» What this task involves:
What you need to produce from the material below is an exact transcription of the lines from the one with "Image of couple hands holding green house" through the one with "a bedroom with", both included, and no other line.

» Exercise input:
╔══

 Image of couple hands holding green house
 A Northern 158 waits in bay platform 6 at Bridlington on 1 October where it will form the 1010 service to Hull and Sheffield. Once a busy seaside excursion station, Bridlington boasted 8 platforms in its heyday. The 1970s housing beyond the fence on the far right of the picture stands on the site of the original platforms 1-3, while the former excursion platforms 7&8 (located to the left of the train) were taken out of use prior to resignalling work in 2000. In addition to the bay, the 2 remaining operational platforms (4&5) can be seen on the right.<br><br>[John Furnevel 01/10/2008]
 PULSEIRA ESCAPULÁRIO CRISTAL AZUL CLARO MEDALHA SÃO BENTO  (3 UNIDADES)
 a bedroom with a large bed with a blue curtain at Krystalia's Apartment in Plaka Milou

╚══
╔══

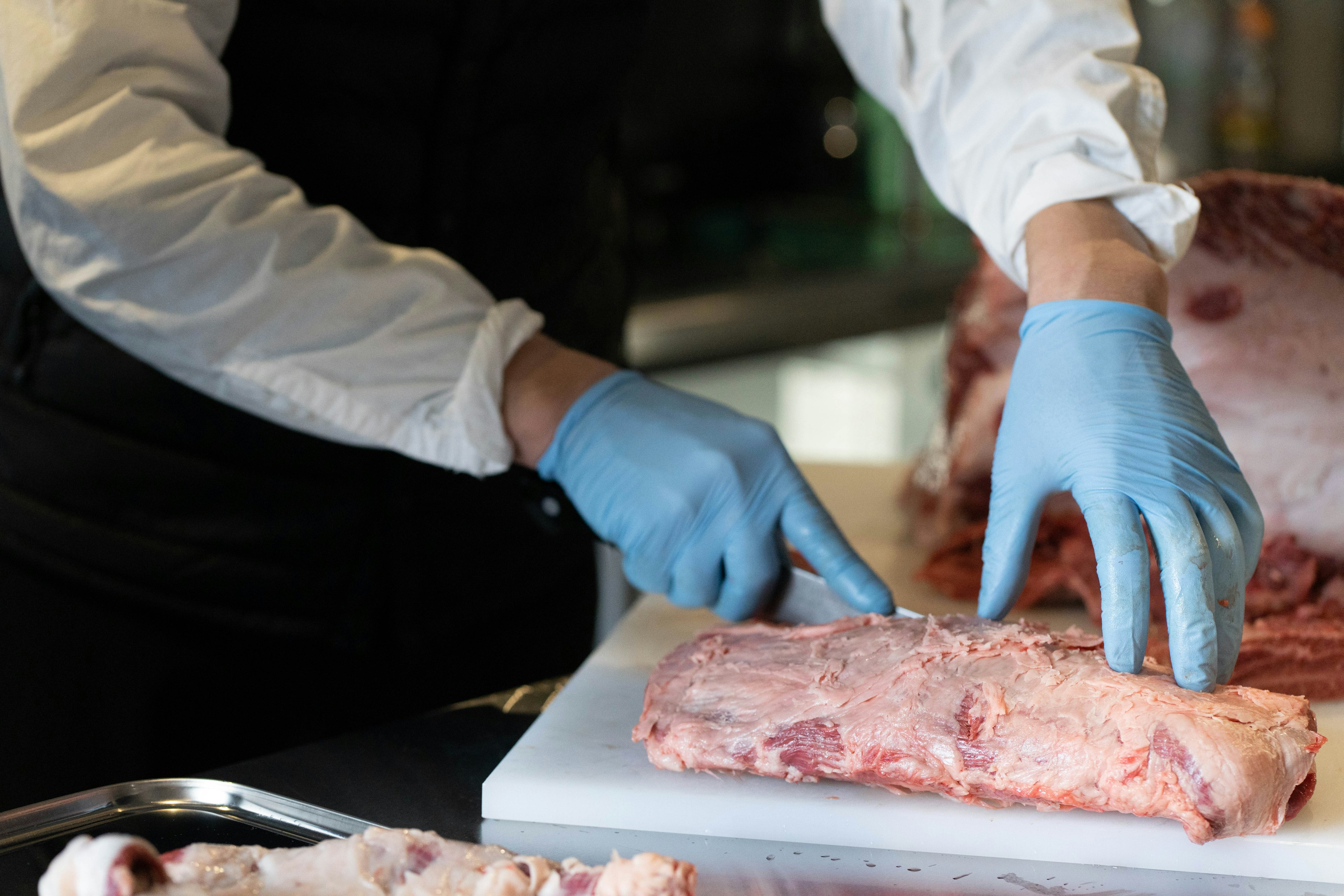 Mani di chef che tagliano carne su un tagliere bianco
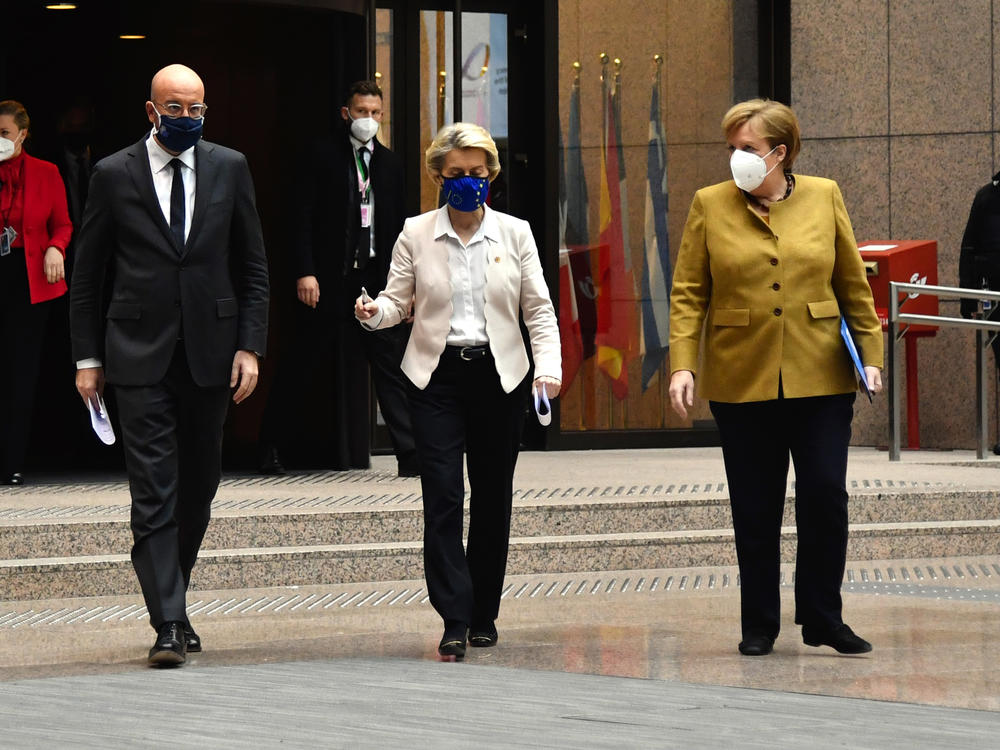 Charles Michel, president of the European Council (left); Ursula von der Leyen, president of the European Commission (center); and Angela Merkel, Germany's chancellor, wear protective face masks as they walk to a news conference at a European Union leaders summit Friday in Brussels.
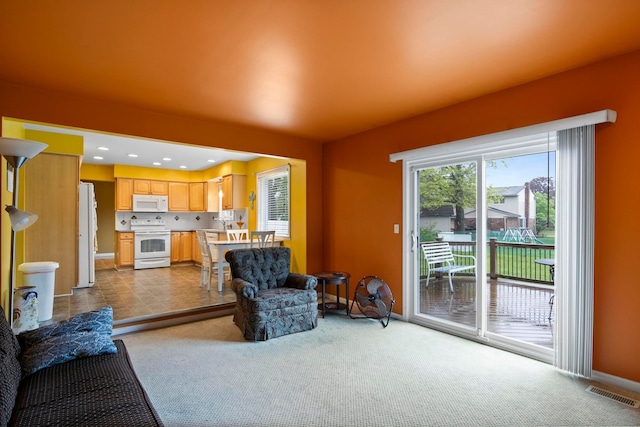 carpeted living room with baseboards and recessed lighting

╚══
╔══

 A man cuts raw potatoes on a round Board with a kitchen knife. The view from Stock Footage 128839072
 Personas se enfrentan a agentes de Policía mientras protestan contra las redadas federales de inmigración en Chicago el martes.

╚══

» Solution for this problem:
 Image of couple hands holding green house
 A Northern 158 waits in bay platform 6 at Bridlington on 1 October where it will form the 1010 service to Hull and Sheffield. Once a busy seaside excursion station, Bridlington boasted 8 platforms in its heyday. The 1970s housing beyond the fence on the far right of the picture stands on the site of the original platforms 1-3, while the former excursion platforms 7&8 (located to the left of the train) were taken out of use prior to resignalling work in 2000. In addition to the bay, the 2 remaining operational platforms (4&5) can be seen on the right.<br><br>[John Furnevel 01/10/2008]
 PULSEIRA ESCAPULÁRIO CRISTAL AZUL CLARO MEDALHA SÃO BENTO  (3 UNIDADES)
 a bedroom with a large bed with a blue curtain at Krystalia's Apartment in Plaka Milou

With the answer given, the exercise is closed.